The other lever: add tests at the integration and end-to-end layer that exercise real user paths. One good e2e test that logs in, creates an order, and checks out is worth dozens of unit tests that check if a price formatter returns "$" before the number.

6. Observability Belongs in the Pipeline

The pipeline should produce observable artifacts in production. Deploy events, version metadata, feature flag changes should all land in your observability platform. When an incident happens at 2:14 PM, the on-call engineer should see "deploy v4.23.7 at 2:11 PM" as the top entry in the timeline.

Concretely:

  • Tag every metric with the deployed version. Prometheus labels, Datadog tags, whatever your platform uses.
  • Emit deploy events to your monitoring tool. Grafana, Datadog, Honeycomb, all support deploy annotations.
  • Log version on startup. Every service logs its version and git SHA on boot.
  • Deploy notifications to incident channels. Even a simple Slack message in #deploys saves a real hour during an incident.

7. Rollback Is a First-Class Feature

"How do I roll back?" should have an answer that does not involve reading documentation. Ideally, the CI/CD tool has a button. Failing that, a single command. Failing that, a runbook so short it fits on a Post-it.

Rollback strategies we recommend, in order of preference:

  • Deploy the previous artifact tag. The cleanest, cheapest rollback. Works if your deploy pipeline is separated from build.
  • Feature flags for risky changes. Turn off the feature without a redeploy. Good for UI changes and new features.
  • Blue-green deploys. Route traffic back to the previous environment. Fast but requires double the capacity.
  • Canary deploys with automated rollback. Percentage-based rollout with automatic rollback on error threshold. Best-in-class, more infrastructure to build.

The first one handles 80% of cases. Build that before you worry about the rest.

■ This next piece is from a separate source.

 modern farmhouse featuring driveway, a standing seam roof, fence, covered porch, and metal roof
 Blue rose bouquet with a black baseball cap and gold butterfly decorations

8. Plan for the Second Year

The pipeline you build today will be maintained by someone else in two years. Write it for them:

  • README in the repo explaining the pipeline. Not auto-generated. A human-written "here's how this works and why."
  • Decision log for why weird things are weird. The two lines that look redundant but are load-bearing. Explain them or someone will delete them and break production.
  • Test the rollback quarterly. If it hasn't been used, assume it's broken.
  • Review the pipeline when the team changes. New owners should be able to understand it within a day.

Three Takeaways

  1. The pipeline ages as well as the documentation does. Treat the README and the runbook as first-class deliverables.
  2. Fast feedback is not optional. If developers don't trust the pipeline, they'll find ways around it, and your quality gates stop working.
  3. Separate build from deploy so rollback is trivial. This one decision pays dividends every time something goes wrong.